In fact, at their presentation in Austin of the work PLF is accomplishing, Lori admitted that when she and Ponheary first went into Koh Ker and saw the magnitude of the challenges they were facing, she felt overwhelmed, like it was almost hopeless. The children had a school building, but no pens or papers or books. 75% of them were severely ill and malnourished, their parents didn’t support them going to school, and they struggled just to eat every day.
“We don’t have the resources to handle this,” Lori told Ponheary. “We are going to get ourselves into a hole we can’t get out of.”
It was Ponheary’s response that made an impression on Lori:
“We are already in the hole,” Ponheary said. “And we can climb out of it anytime we want. The question is, do we take these kids with us, or not?”
School is the answer. That is the tagline of the Ponheary Ly Foundation, and the basis of everything they do.
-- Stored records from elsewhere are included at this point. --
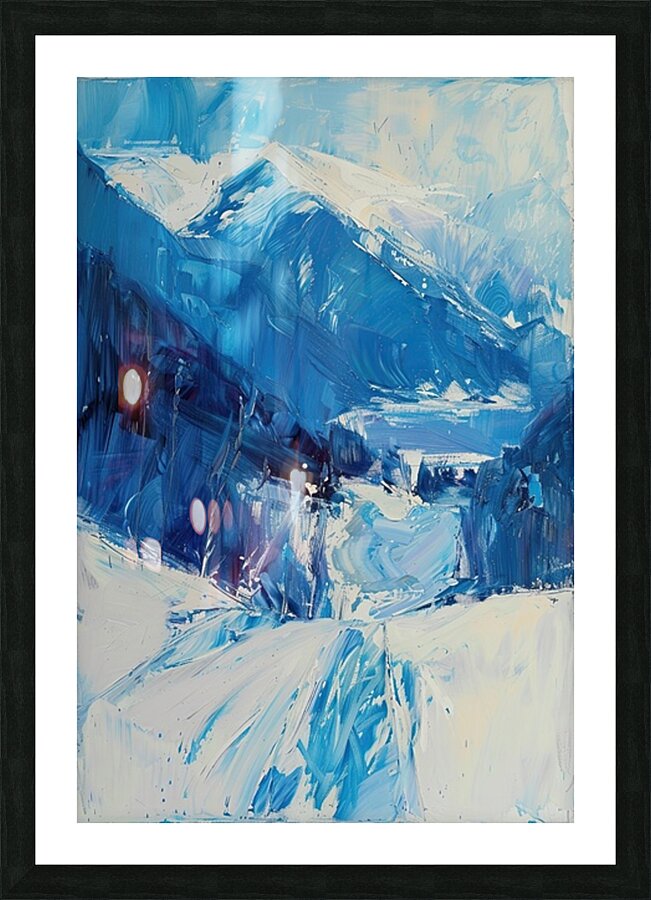 Azure Mountain Pass Y7H92N 53 Picture Frame print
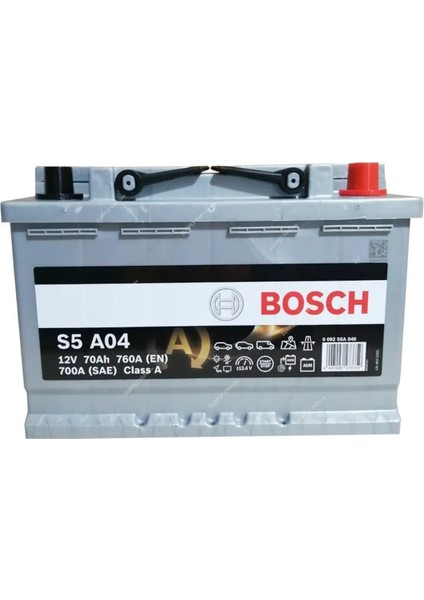 0092S5A040 - S5 70 Ah Agm - 760M. Akım (A) En / 70AH - Bosch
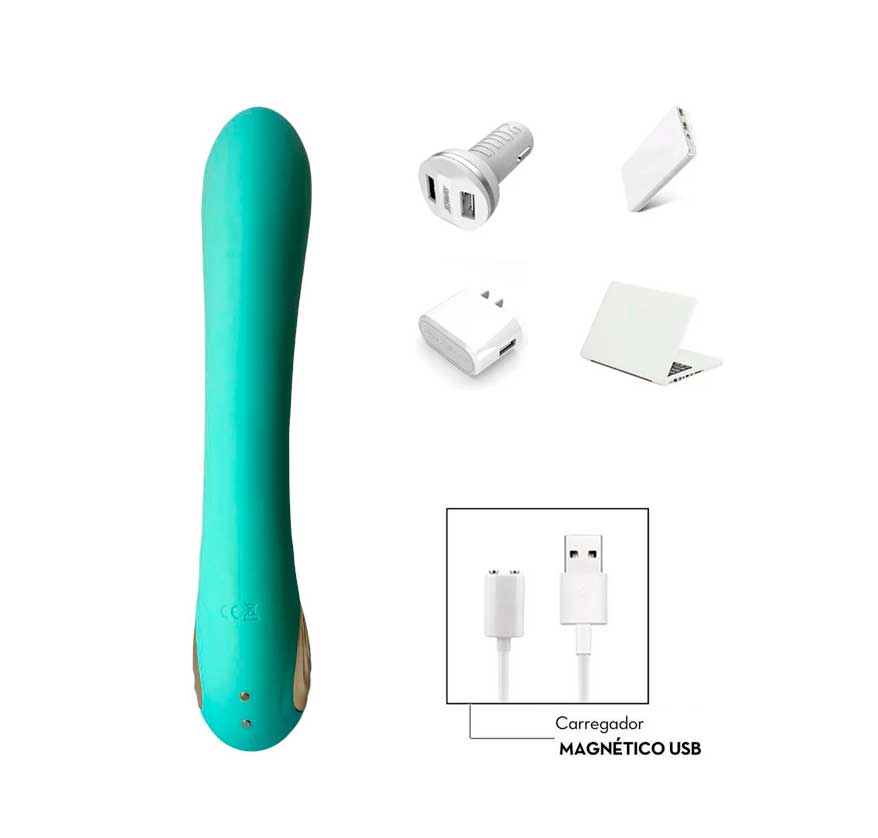 Vibrador Estimulador de Ponto G com Carregamento via USB, 10 Modos de Vibração e Pulsação - Pat Vibrator Love Me | 15 x 4 cm | Disponível em 2 Cores - 4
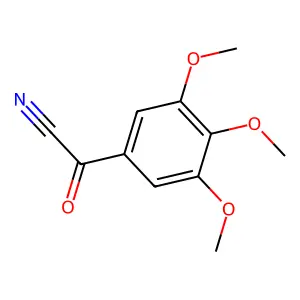 3,4,5-Trimethoxy-alpha-oxobenzeneacetonitrile structure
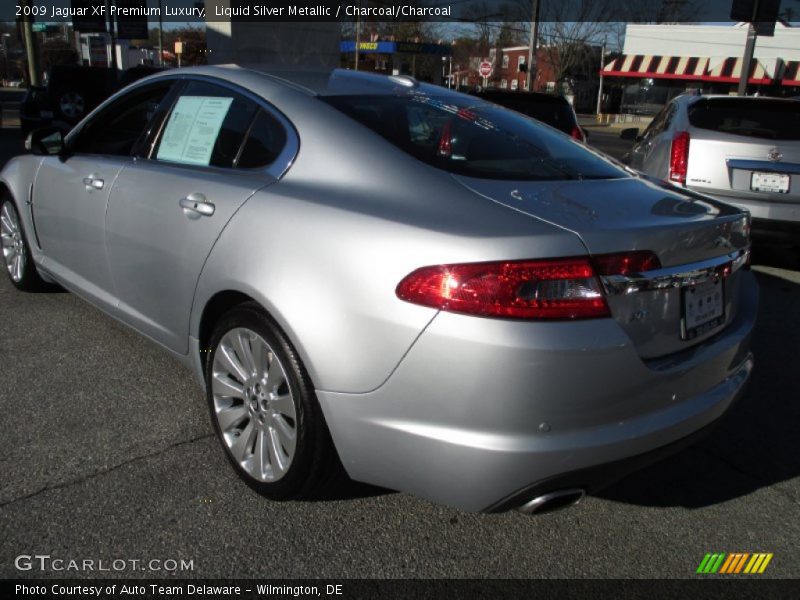 Liquid Silver Metallic / Charcoal/Charcoal 2009 Jaguar XF Premium Luxury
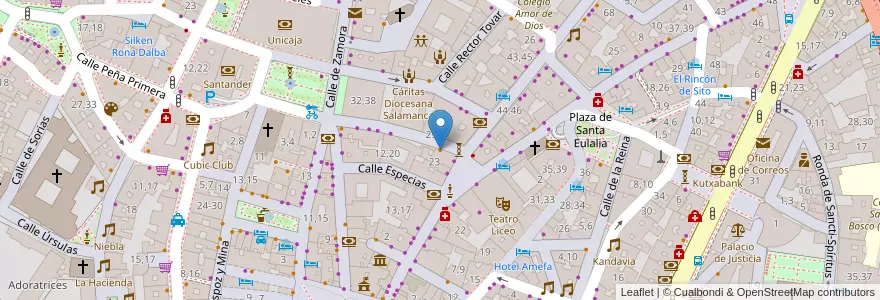 Mapa de ubicacion de Brocense 22 en Spain, Castile And León, Salamanca, Campo De Salamanca, Salamanca.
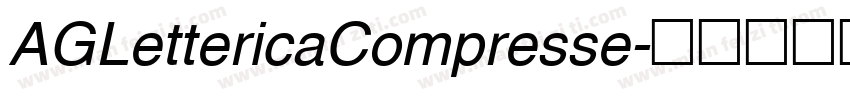 AGLettericaCompresse字体转换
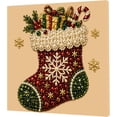 thumbnail image 4 of Christmas Decor Santa Pearl Art Kit for Adults | Diamond Painting Kit With Frame, DIY Home Decor Wall Art, Beginner DIY Seasonal Party Gift, 4 of 7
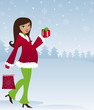 Illustration: mom to be - winter mom to be - winter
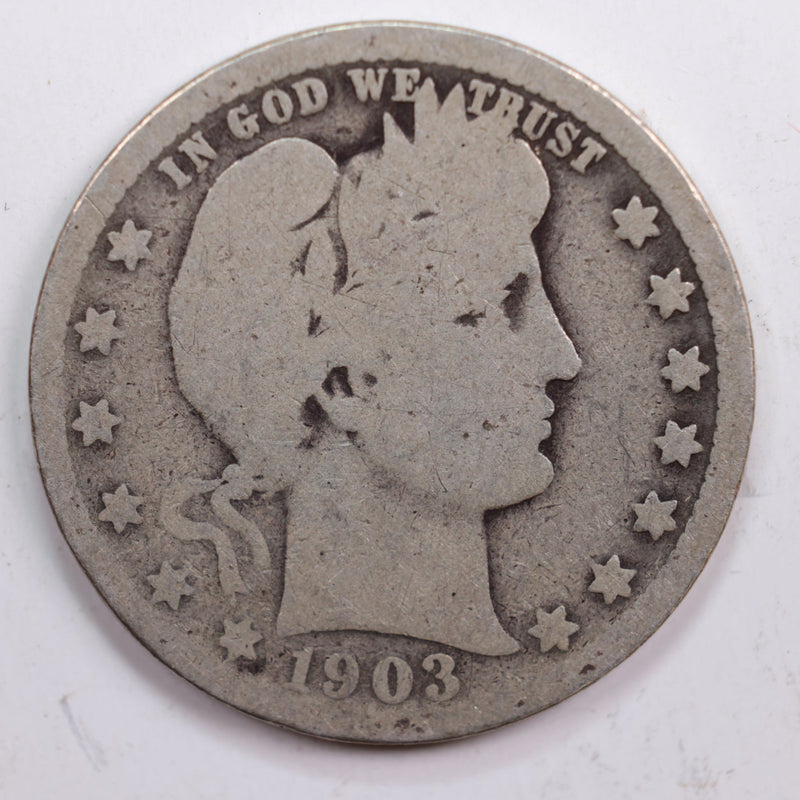 1903-O Barber Quarter, Abt Good Circulated Coin, Store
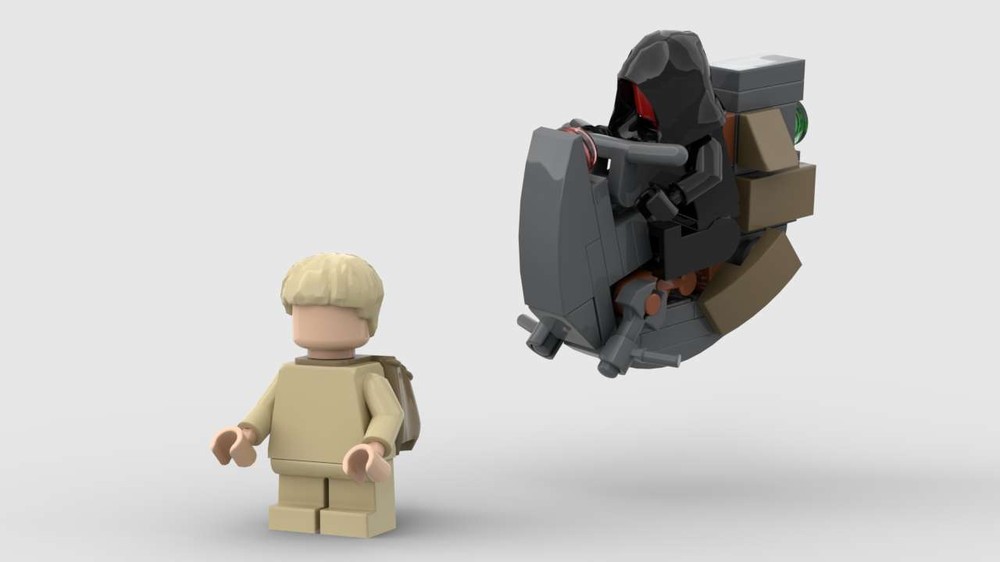 Lego Maul's Bloodfin Speeder & DRK-1 Probe Droids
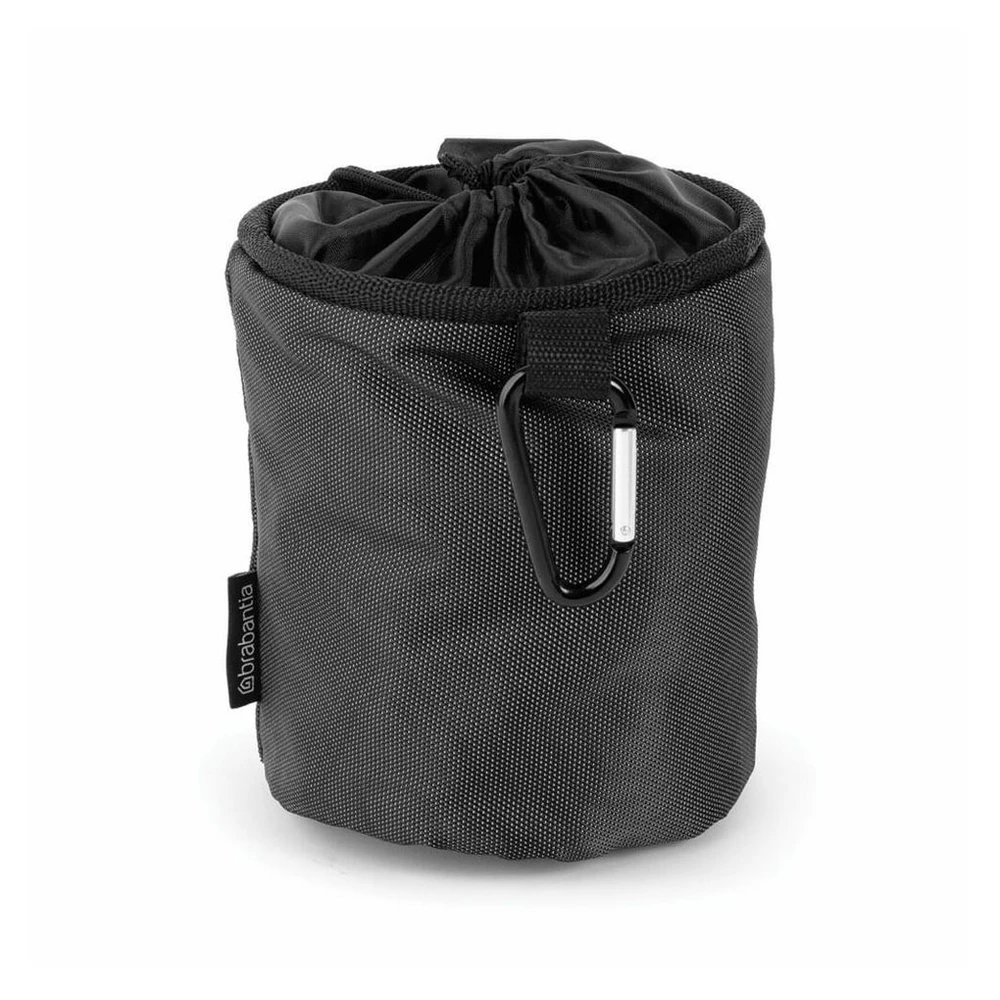 Brabantia Wäscheklammerbeutel Premium Black, 17.5x18x28 cm, Polyester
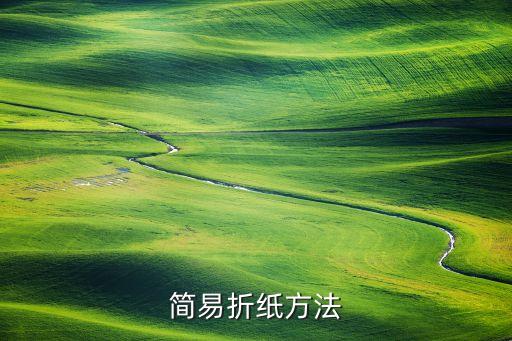 简易折纸方法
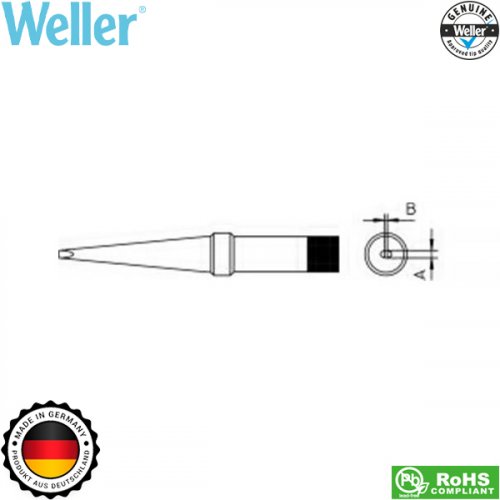 Μύτη κολλητηριού 3.2x1.2mm PT M8 Weller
PLF doesn’t try to impose their own, or American, expectations on the students, but rather lets them be self-directed and tell the organization what it is they need.
“If you give children space and opportunities to rise, they will do so. And often beyond our wildest expectations,” says Lori. “We just want to provide that spark for learning and education, such as Ponheary’s father instilled in her.”
These two hard-working, seemingly tireless women tackled the challenge of Koh Ker, which recently saw its first graduates head off to secondary school.